Biostatistics Journal Club: Missing Data Challenges in Electronic Health Records-Based Studies of COVID and Long COVID
Since the beginning of the COVID-19 pandemic, researchers have repeatedly turned to electronic health records (EHR) to rapidly answer complex questions about the short and long-term consequences of SARS-CoV-2 infection. However, because EHR are not collected for research purposes, observational studies using EHR are subject to various challenges and biases, including bias due to missing data. Standard missing data methods generally fail to address the complex nature of EHR data, particularly the interplay of numerous decisions by patients, physicians, and insurers that collectively determine whether “complete” data is observed. Tanayott Thaweethai, PhD, Massachusetts General Hospital, will discuss some statistical methods for handling bias due to missing data in the EHR setting, and conclude with an introduction to a semi-supervised learning technique for handling the “positive unlabeled” problem of phenotyping individuals based on the presence or absence of clinical codes.
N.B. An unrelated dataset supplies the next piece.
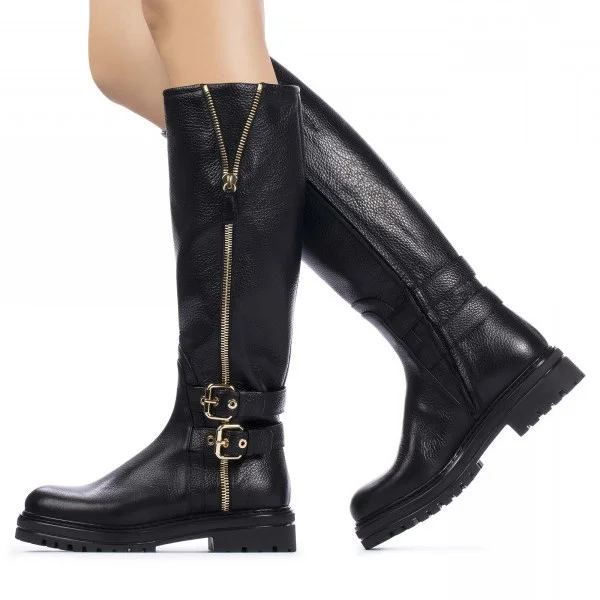 Black Ankle Buckles Zipper Low Heel Knee Riding Boots for Women |FSJ Shoes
Tanayott Thaweethai, PhD, is an instructor in investigation and the associate director of biostatistics research and engagement at Massachusetts General Hospital Biostatistics. He is also an instructor in medicine at Harvard Medical School. He is working on developing methods to improve the handling of missing data when conducting large observational studies using electronic health records. His research collaboration areas at Mass General include diabetes in pregnancy, clinical effectiveness of type 2 diabetes treatment, and several studies related to COVID-19. He is also lead biostatistician at the Data Resource Core for RECOVER, an NIH research initiative that seeks to understand post-acute sequelae of SARS-CoV-2 (PASC) and long COVID. He received his PhD in biostatistics from Harvard University.